*What you need to do*: Each line of the records below needs repeating exactly. Skip the pictures.

*Given data*:

************

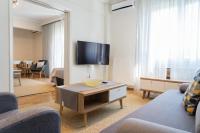 Zennova #5 Antigonidon Square - B&B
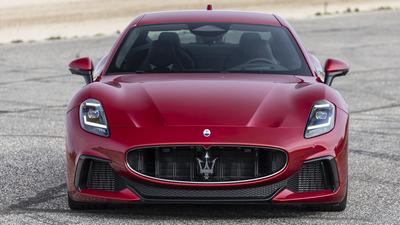 2023 Maserati Gran Turismo Trofeo static front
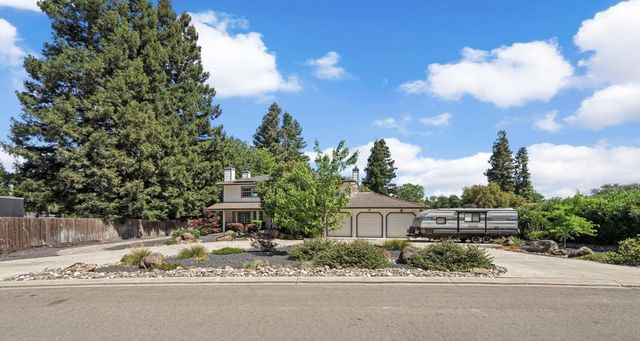 11530 Oak Hill Dr, Oakdale, CA 95361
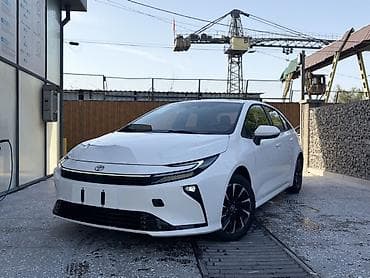 Toyota Corolla: 2026 г., Гибрид, Седан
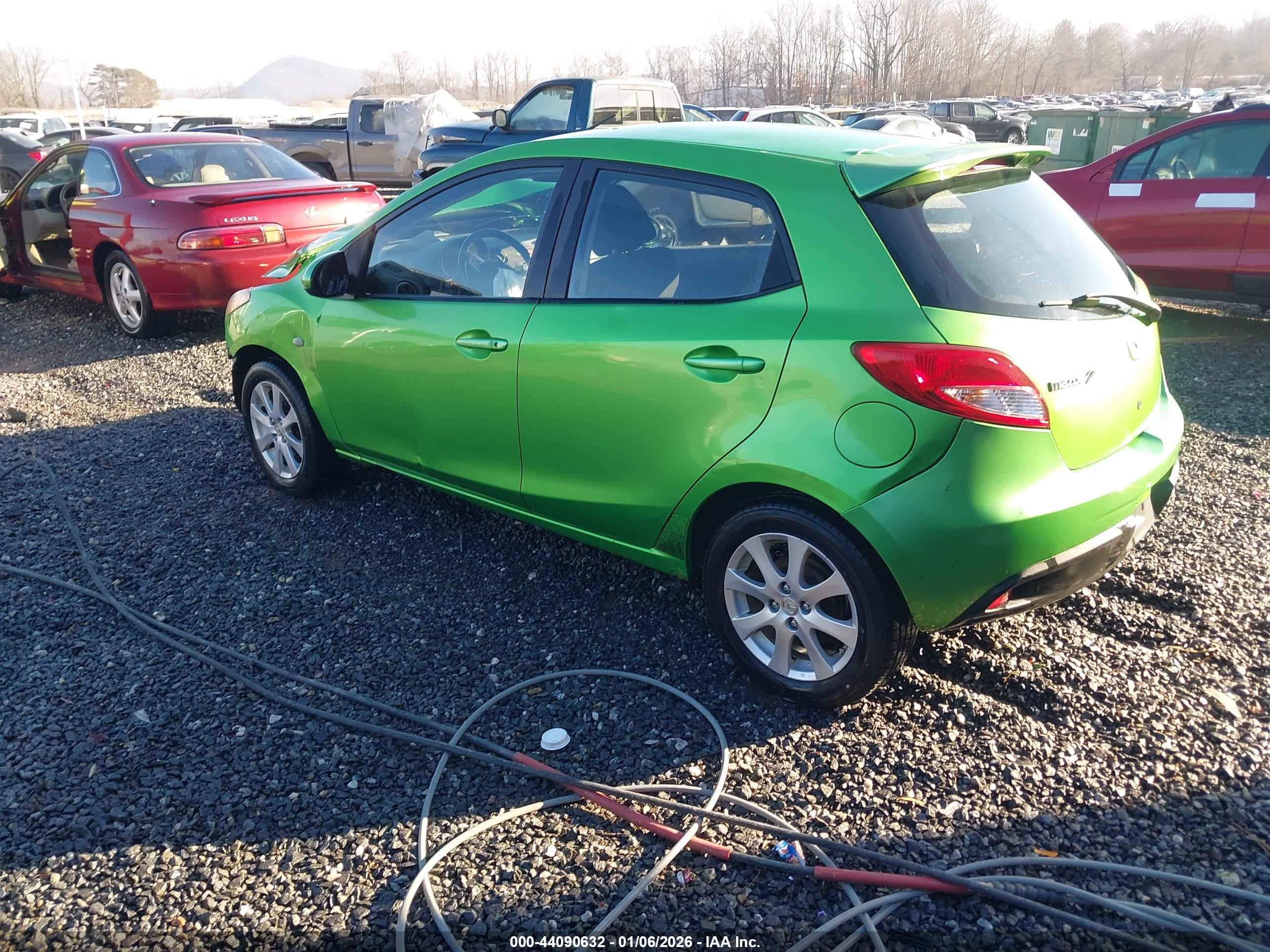 MAZDA MAZDA2 image 3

************

*Solution to this exercise*:
 Zennova #5 Antigonidon Square - B&B
 2023 Maserati Gran Turismo Trofeo static front
 11530 Oak Hill Dr, Oakdale, CA 95361
 Toyota Corolla: 2026 г., Гибрид, Седан
 MAZDA MAZDA2 image 3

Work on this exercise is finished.